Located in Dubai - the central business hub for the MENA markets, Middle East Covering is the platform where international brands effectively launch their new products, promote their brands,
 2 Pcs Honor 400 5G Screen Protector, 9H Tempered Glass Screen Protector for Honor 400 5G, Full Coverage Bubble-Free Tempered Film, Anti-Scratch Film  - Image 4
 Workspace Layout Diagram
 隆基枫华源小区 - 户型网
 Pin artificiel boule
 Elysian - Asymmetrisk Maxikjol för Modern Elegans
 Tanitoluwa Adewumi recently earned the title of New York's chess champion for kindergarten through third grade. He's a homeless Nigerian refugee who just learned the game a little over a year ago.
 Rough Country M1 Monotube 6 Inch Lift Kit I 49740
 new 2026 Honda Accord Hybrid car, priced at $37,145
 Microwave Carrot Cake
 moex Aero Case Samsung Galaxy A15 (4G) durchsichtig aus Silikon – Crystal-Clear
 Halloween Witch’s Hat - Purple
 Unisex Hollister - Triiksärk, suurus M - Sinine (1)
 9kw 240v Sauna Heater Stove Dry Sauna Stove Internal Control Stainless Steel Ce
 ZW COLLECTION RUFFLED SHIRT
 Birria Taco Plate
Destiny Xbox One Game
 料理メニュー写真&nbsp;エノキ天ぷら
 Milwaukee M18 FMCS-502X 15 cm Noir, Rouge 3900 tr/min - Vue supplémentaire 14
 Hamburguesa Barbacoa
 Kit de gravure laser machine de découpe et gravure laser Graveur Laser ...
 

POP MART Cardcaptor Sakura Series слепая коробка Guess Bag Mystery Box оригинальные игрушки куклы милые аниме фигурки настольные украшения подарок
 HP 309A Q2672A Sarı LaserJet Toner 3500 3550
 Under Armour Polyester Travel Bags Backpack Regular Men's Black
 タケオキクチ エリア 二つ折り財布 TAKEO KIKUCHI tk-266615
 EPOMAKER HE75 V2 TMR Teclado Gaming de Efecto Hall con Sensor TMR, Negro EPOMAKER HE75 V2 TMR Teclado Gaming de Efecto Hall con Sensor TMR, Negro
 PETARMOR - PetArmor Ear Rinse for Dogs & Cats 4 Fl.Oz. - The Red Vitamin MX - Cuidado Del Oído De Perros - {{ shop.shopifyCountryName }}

____________

» **INSTRUCTIONS FOR THE TASK**:
Repeat exactly the lines that run from the opening of the listing through the line holding "Unisex Hollister - Triiksärk, suurus". Leave out everything else.

» **REPLY**:
Located in Dubai - the central business hub for the MENA markets, Middle East Covering is the platform where international brands effectively launch their new products, promote their brands,
 2 Pcs Honor 400 5G Screen Protector, 9H Tempered Glass Screen Protector for Honor 400 5G, Full Coverage Bubble-Free Tempered Film, Anti-Scratch Film  - Image 4
 Workspace Layout Diagram
 隆基枫华源小区 - 户型网
 Pin artificiel boule
 Elysian - Asymmetrisk Maxikjol för Modern Elegans
 Tanitoluwa Adewumi recently earned the title of New York's chess champion for kindergarten through third grade. He's a homeless Nigerian refugee who just learned the game a little over a year ago.
 Rough Country M1 Monotube 6 Inch Lift Kit I 49740
 new 2026 Honda Accord Hybrid car, priced at $37,145
 Microwave Carrot Cake
 moex Aero Case Samsung Galaxy A15 (4G) durchsichtig aus Silikon – Crystal-Clear
 Halloween Witch’s Hat - Purple
 Unisex Hollister - Triiksärk, suurus M - Sinine (1)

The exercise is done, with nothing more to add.